AIM OF THE TASK:
Look in the data below for the line that has "5th image of 25 Barley Corn Dr", then print exactly every line from there through the line that has "Lace canvas bag cream white", leaving pictures out.

RECORDS FOR THIS EXERCISE:
···
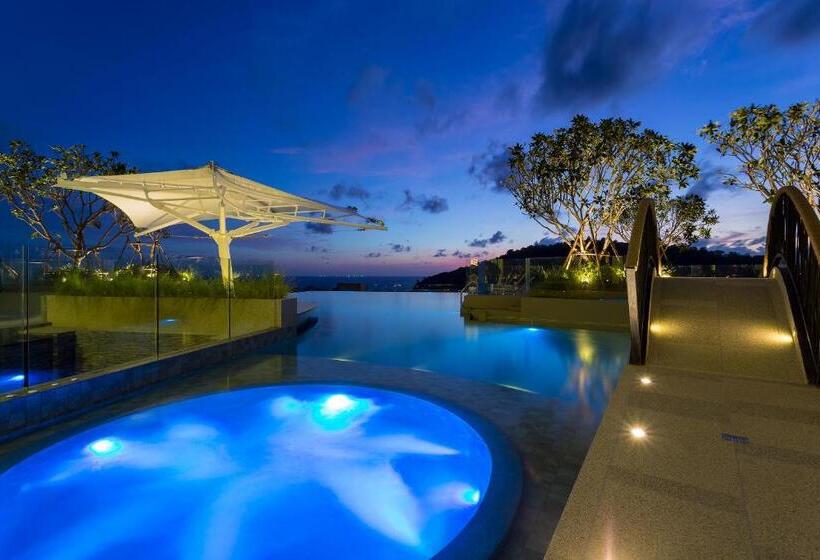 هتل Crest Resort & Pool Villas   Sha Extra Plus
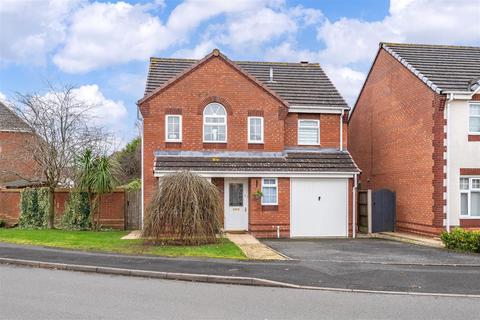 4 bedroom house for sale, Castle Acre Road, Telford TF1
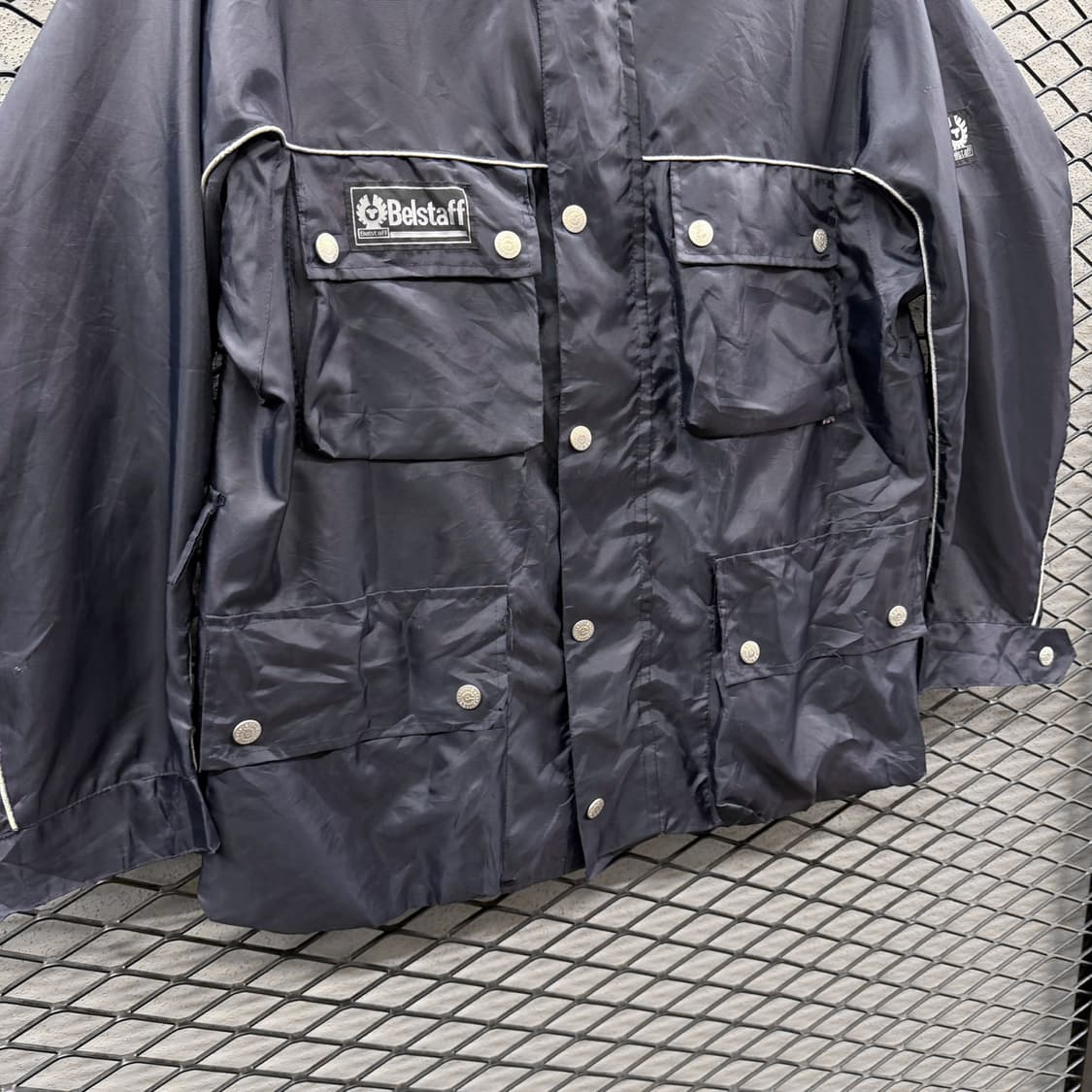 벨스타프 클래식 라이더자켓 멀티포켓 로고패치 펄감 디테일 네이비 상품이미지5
···
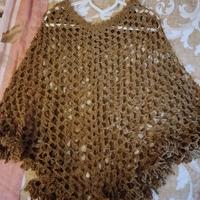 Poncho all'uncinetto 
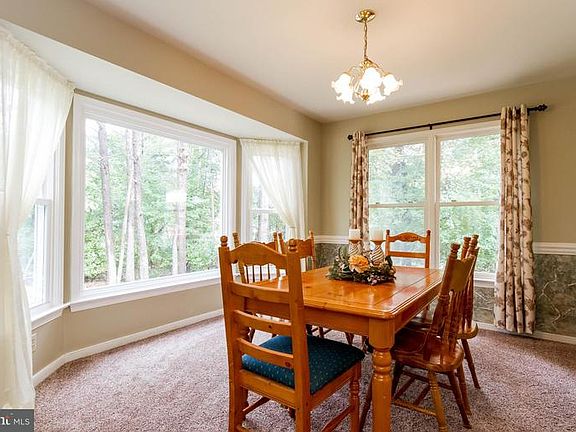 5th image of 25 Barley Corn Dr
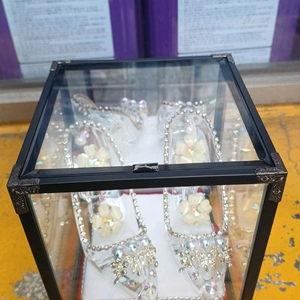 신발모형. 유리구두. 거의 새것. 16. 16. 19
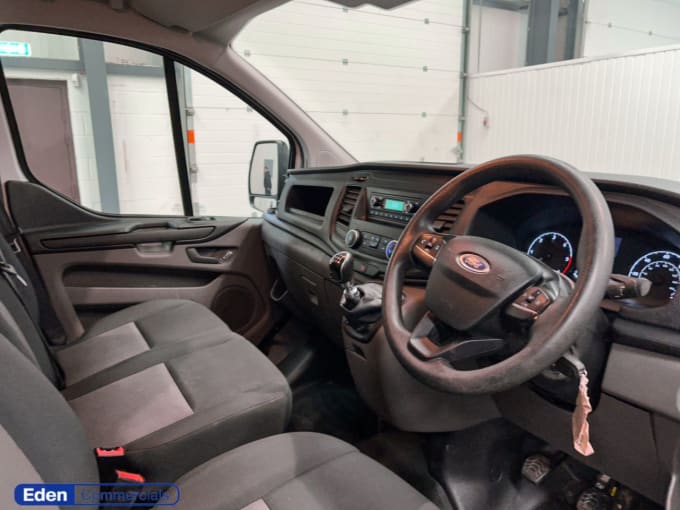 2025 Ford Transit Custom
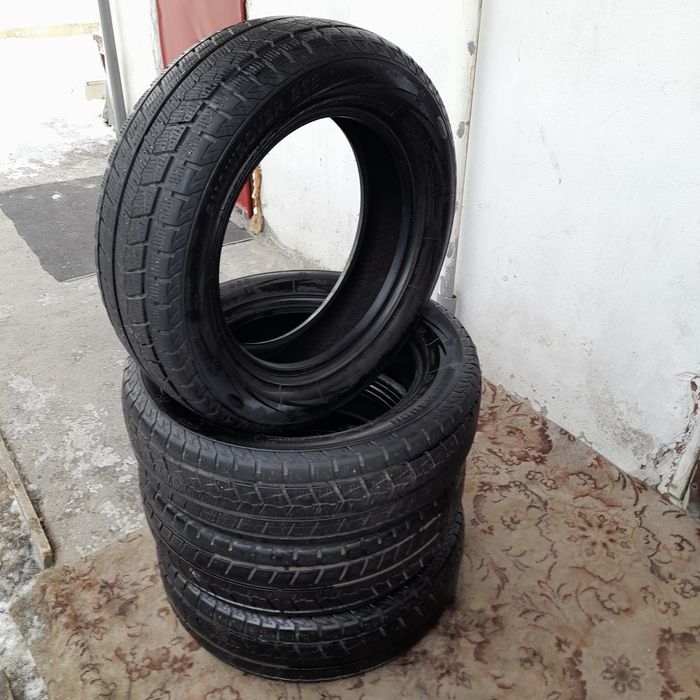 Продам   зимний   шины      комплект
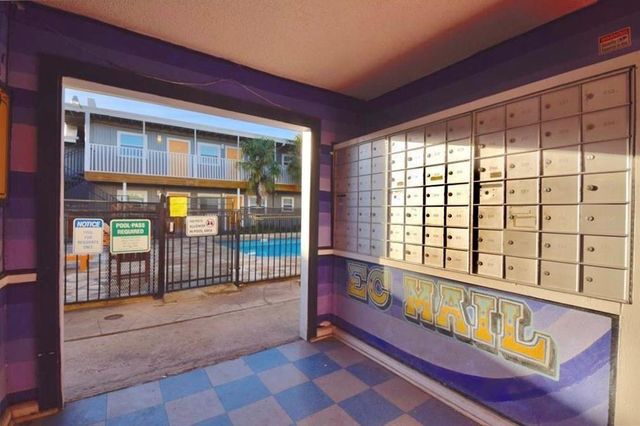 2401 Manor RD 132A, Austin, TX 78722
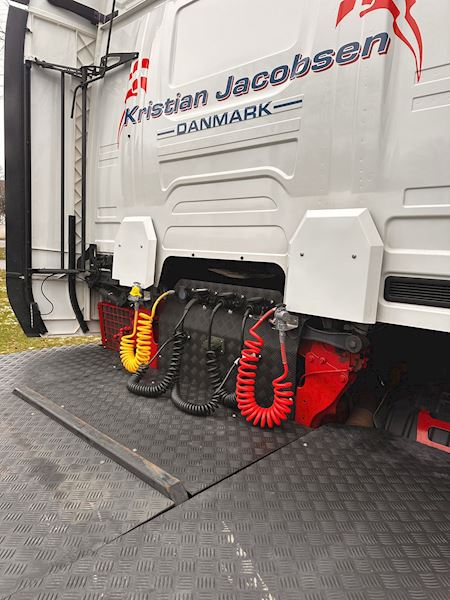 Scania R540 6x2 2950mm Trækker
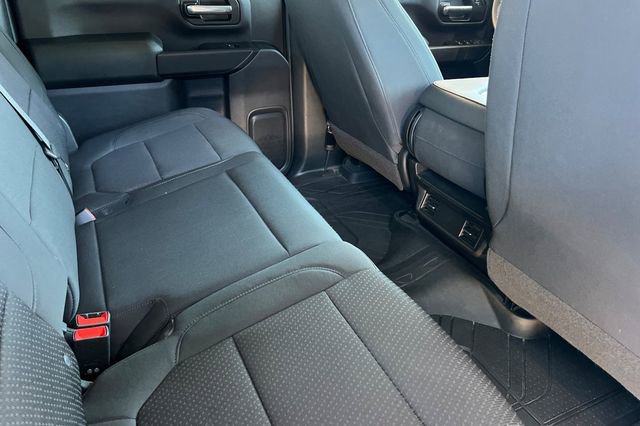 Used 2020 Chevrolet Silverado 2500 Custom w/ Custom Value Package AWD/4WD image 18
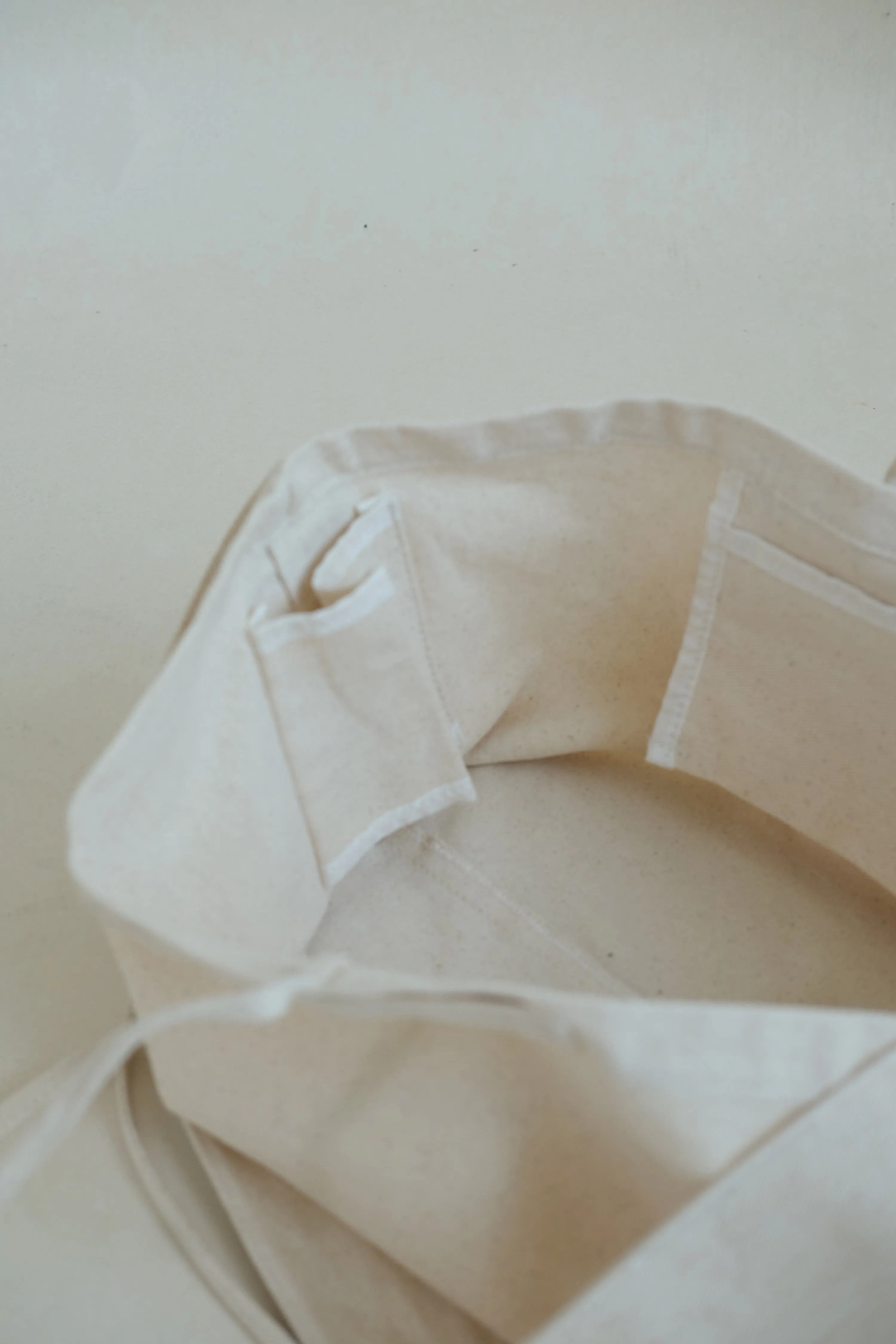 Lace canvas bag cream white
···
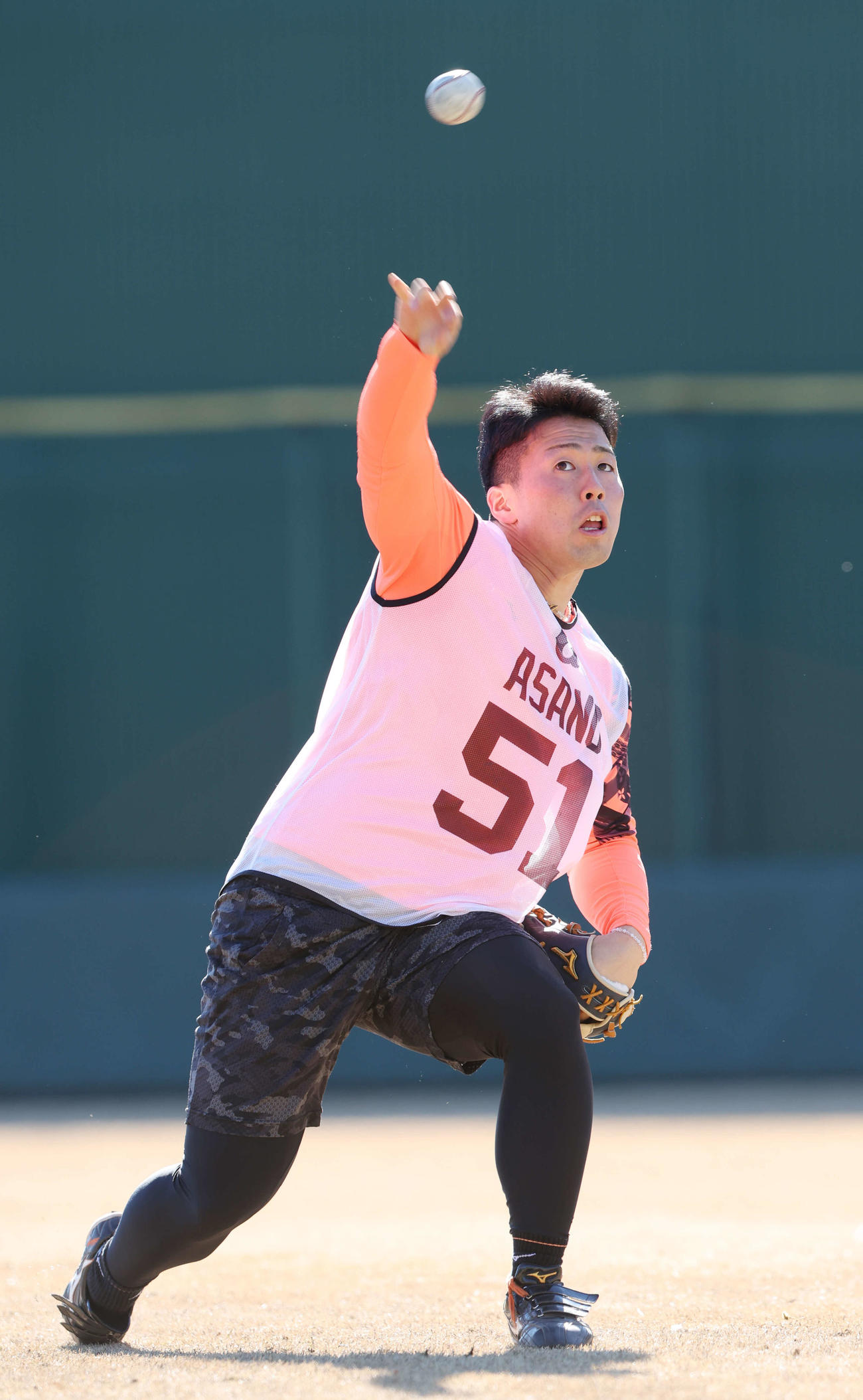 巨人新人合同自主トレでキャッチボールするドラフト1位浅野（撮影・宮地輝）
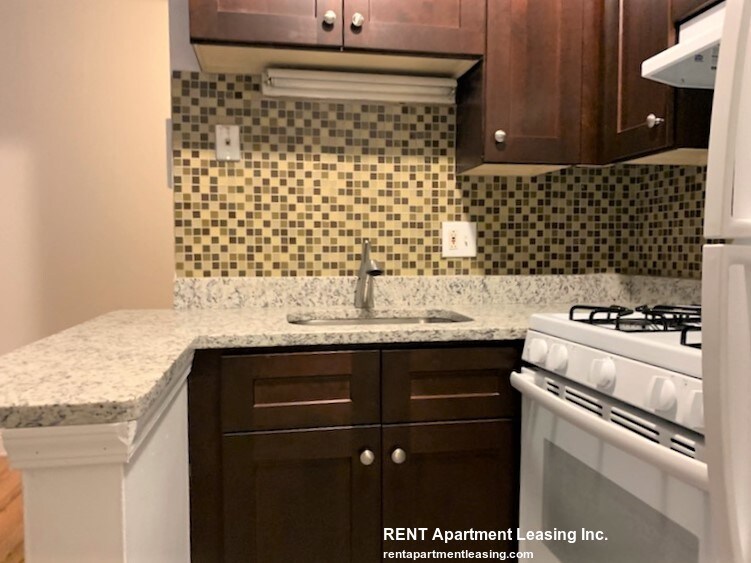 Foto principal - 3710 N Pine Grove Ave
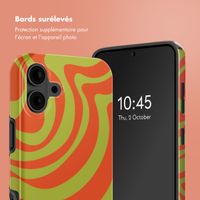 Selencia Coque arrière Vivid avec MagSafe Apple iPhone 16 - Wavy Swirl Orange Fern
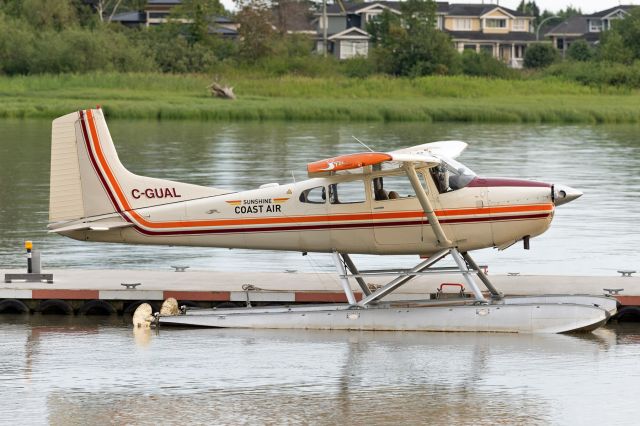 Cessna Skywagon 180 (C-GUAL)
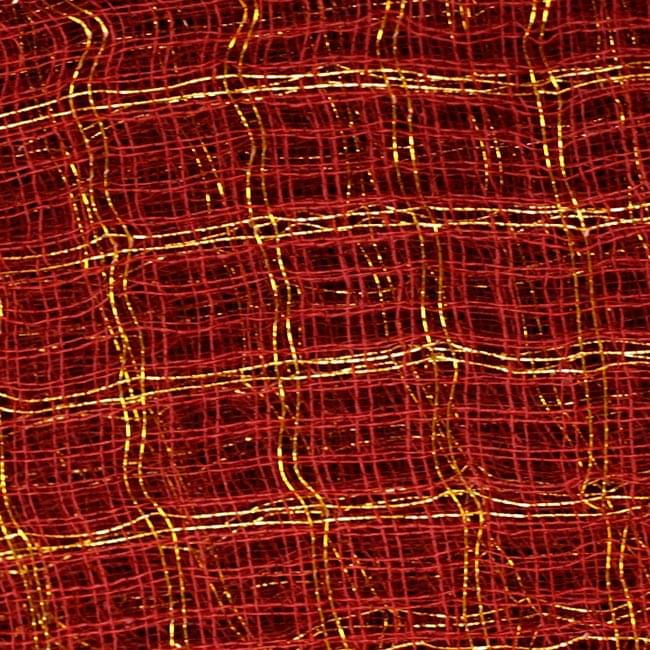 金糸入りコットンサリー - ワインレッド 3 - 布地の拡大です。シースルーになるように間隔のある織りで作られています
···
TASK SOLUTION:
 5th image of 25 Barley Corn Dr
 신발모형. 유리구두. 거의 새것. 16. 16. 19
 2025 Ford Transit Custom
 Продам   зимний   шины      комплект
 2401 Manor RD 132A, Austin, TX 78722
 Scania R540 6x2 2950mm Trækker
 Used 2020 Chevrolet Silverado 2500 Custom w/ Custom Value Package AWD/4WD image 18
 Lace canvas bag cream white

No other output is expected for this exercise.